III-B-4. Reward Function

We use Reinforcement Learning (RL) to train the policy $\pi_\text{privileged}$ of our base-privileged agent to maximize the reward provided by the environment. Given the complexity of the tasks—passing through gates and evading projectiles—a straightforward reward function proved insufficient for mastering multiple tasks simultaneously. Therefore, we segmented the learning process into three sequential curriculum phases:

1] Basic Stabilization and Hovering:

The first phase focuses on basic stabilization and learning to hover toward gates. High rewards are given for maintaining stability, and penalties are imposed for crashing or excessive tilting. The reward function at each step $t$ is: \begin{align} \begin{split} R(\mathbf{s}_t, \boldsymbol{a}_t, \mathbf{s}_{t+1}) &= t - R_{\text{crashed}} \times \mathbb{1}_{\text{crashed}}\\ &- |\max(r, p, y)| \times \mathbb{1}_{\text{tilted}}\\ &+ \lambda_\text{dist} \left(\|{\mathbf{s}_t - \mathbf{g}_t}\| - \|{\mathbf{s}_{t+1} - \mathbf{g}_t}\right\|), \end{split} \end{align} where $\mathbb{1}_{\text{crashed}}$ indicates if the drone crashed, incurring a high penalty, and $\mathbb{1}_{\text{tilted}}$ indicates if the drone is excessively tilted, with penalties based on the largest tilting angle. A progress reward is given based on the distance change to the next gate, modulated by $\lambda_\text{dist}$.

2] Navigation:

The second phase emphasizes navigation. Rewards increase as the drone decreases the distance to gates and successfully navigates through them. The reward function at each time step $t$ is: \begin{align} \begin{split} R(\mathbf{s}_t, \boldsymbol{a}_t, \mathbf{s}_{t+1}) &= R_{\text{passed}} \times \mathbb{1}_{\text{passed}}\\ &- R_{\text{crashed}} \times \mathbb{1}_{\text{crashed}}\\ &+ \lambda_\text{dist} \left(\|{\mathbf{s}_t - \mathbf{g}_t}\| - \|{\mathbf{s}_{t+1} - \mathbf{g}_t}\right\|), \end{split} \end{align} where $\mathbb{1}_{\text{passed}}$ indicates when a gate is successfully navigated, earning a high reward.

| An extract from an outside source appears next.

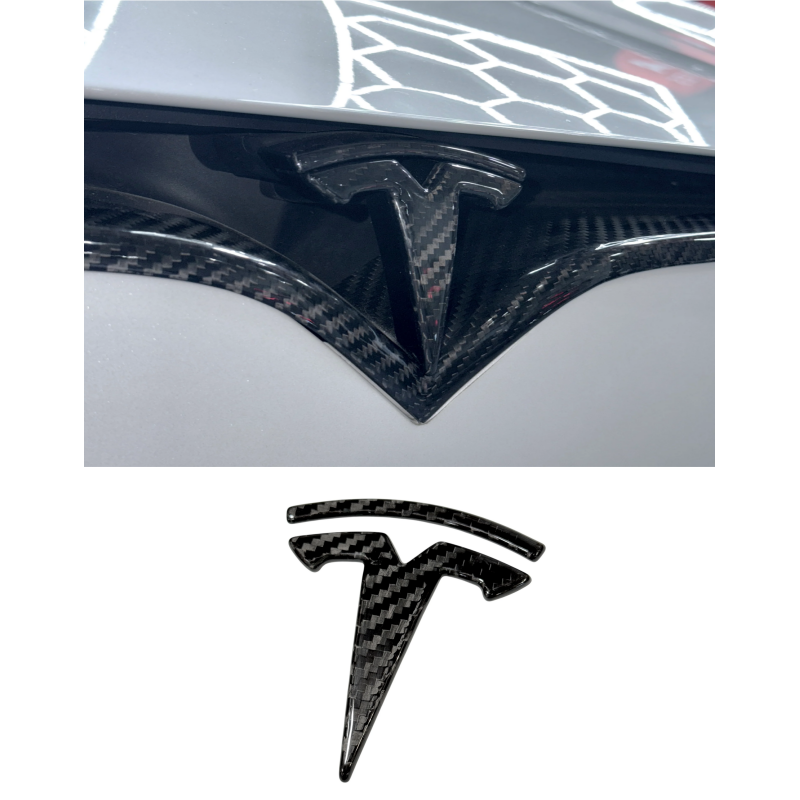 Front T Logo Overlay Carbon Fiber Molded for Tesla Model S 2016-2025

3] Evasion and Navigation:

In the final phase, the drone must navigate gates and evade projectiles. We introduce projectiles without penalizing the drone for being hit initially, as previous trials led to a "suicide" strategy to avoid penalties. Instead, we increase the penalty for crashes and add a minor reward for survival. The reward function is: \begin{align} \begin{split} R(\mathbf{s}_t, \boldsymbol{a}_t, \mathbf{s}_{t+1}) &= R_{\text{passed}} \times \mathbb{1}_{\text{passed}}\\ &- R_{\text{crashed}} \times \mathbb{1}_{\text{crashed}}\\ &+ \lambda_\text{dist} \left(\|{\mathbf{s}_t - \mathbf{g}_t}\| - \|{\mathbf{s}_{t+1} - \mathbf{g}_t}\right\|)\\ &+ R_{\text{projectile}} \times \#~\text{airborne projectiles}, \end{split} \end{align} where an additional reward $R_{\text{projectile}}$ is given for each airborne projectile.

III-C. Image Feature Representation Learning

To transition from a base-privileged policy to a vision-based policy, we need an effective image feature extractor that can produce meaningful visual features. This requires extracting latent representations that capture relevant information about projectiles, targets, and environmental dynamics. We use a two-stage approach to learn visual feature embeddings from raw image observations.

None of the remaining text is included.